Although Jurassic Park is a tale cautioning against the dangers of genetic engineering, it cannot help but stir up excitement about the very thing it is warning against. The centrepiece of Channel 4's weekend is the Equinox documentary devoted to the question of whether Jurassic Park could really be built. Crichton warns that the implications of the genetic revolution have not been grasped. The real danger is that when they are, they may be too seductive to resist.

Perhaps the most extraordinary achievement of Jurassic Park is the way in which it has created a vision of reincarnation around a prime cultural symbol of extinction. No matter how catastrophic the outcome, there is a profound attraction in the idea

that, just at the point where its activities are wiping out other species in swathes, humanity may be about to acquire the power to bring them back again. Like John Hammond, we're inclined to overlook the point that what is gone can never really be brought back.

Hammond's team recreates forms of life, but it is a series of unpredictable interactions - or to put it another way, forces of nature - that give the dinosaurs the power to lay their own eggs.

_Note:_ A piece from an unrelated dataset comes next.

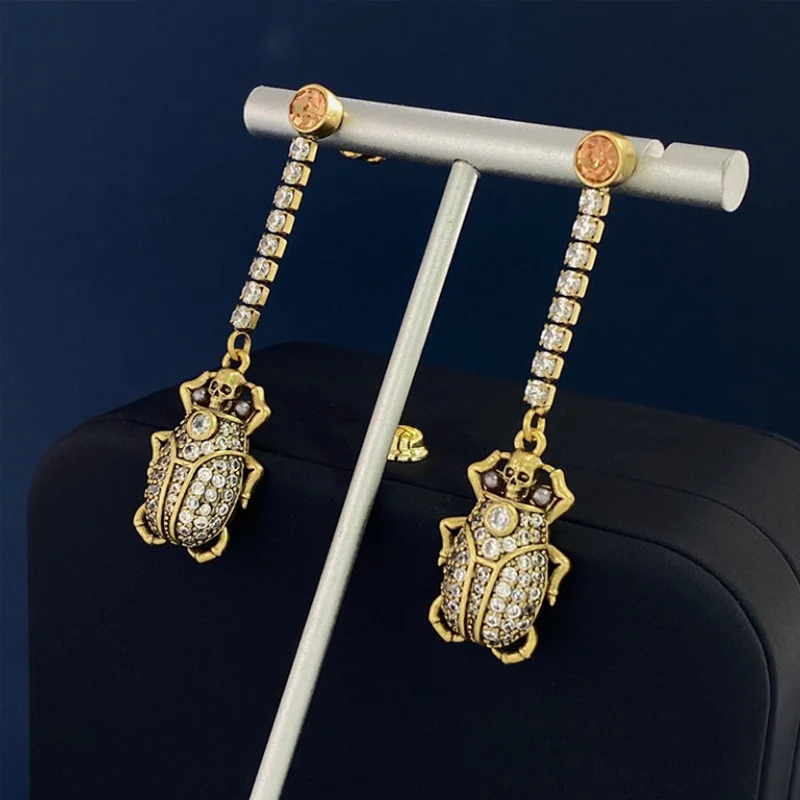 Donia Jewelry European and American Fashion Insect Titanium Steel Micro-Inlaid AAA Silver Needle Luxury Retro Long Earrings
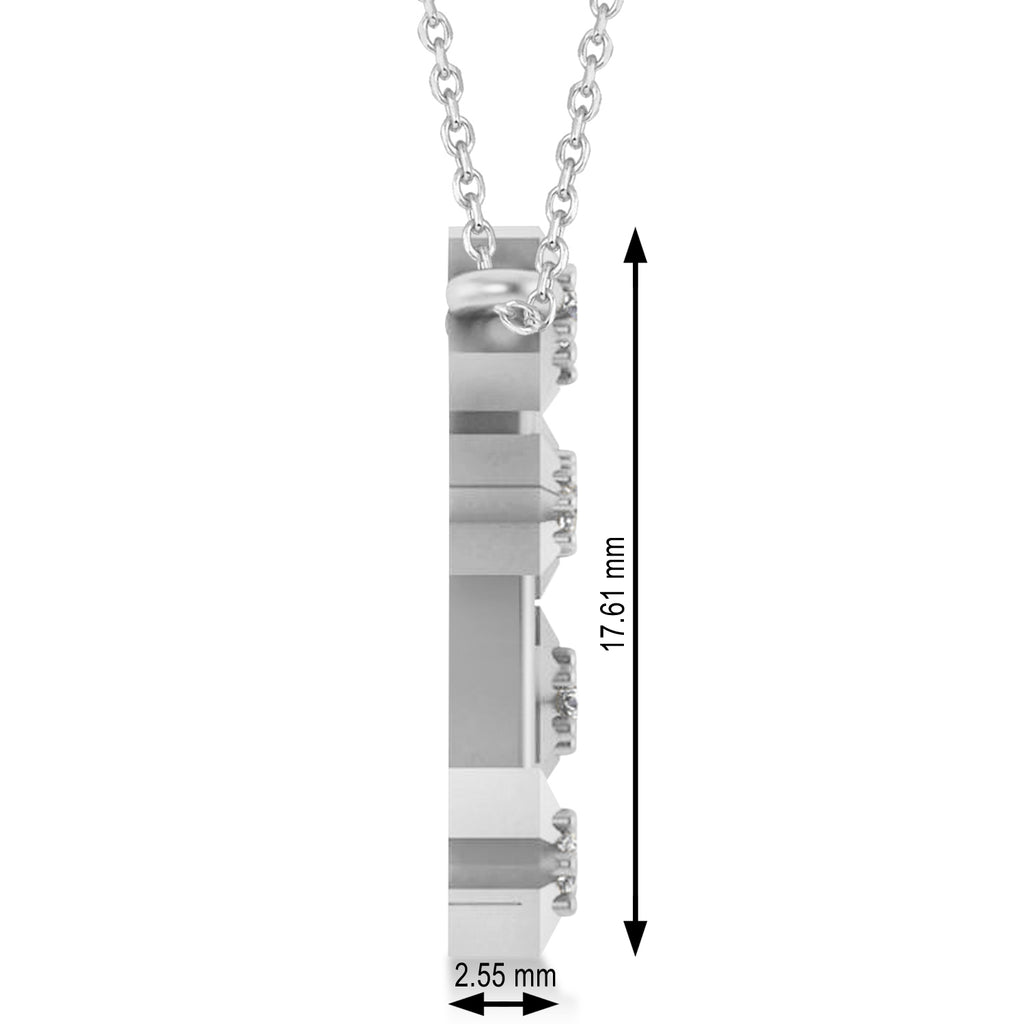 Diamond Sagittarius Zodiac Constellation Star Necklace 14k White Gold (0.11ct)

It's the eggs as much as the excellence of the special effects that invest the dinosaurs with life. Up to now, fictional dinosaurs have always seemed inorganic; merely animated rock and clay.

Now they are convincing organisms, albeit in an unsympathetic, scientific fashion. Even if they really were warm-blooded, as some scientists argue, they still come across as reptiles. But dinosaur romantics need not be disheartened. In the velociraptors' wake, great herds of lovable cinesauruses will undoubtedly follow.

Channel 4's 'Dinomania' weekend runs from 16-28 July. 'Claws, Jaws and Dinosaurs' will be shown on Saturday between 8.30pm and 9.30pm; 'The Real Jurassic Park - An Equinox Special' on Sunday between 7pm and 8pm.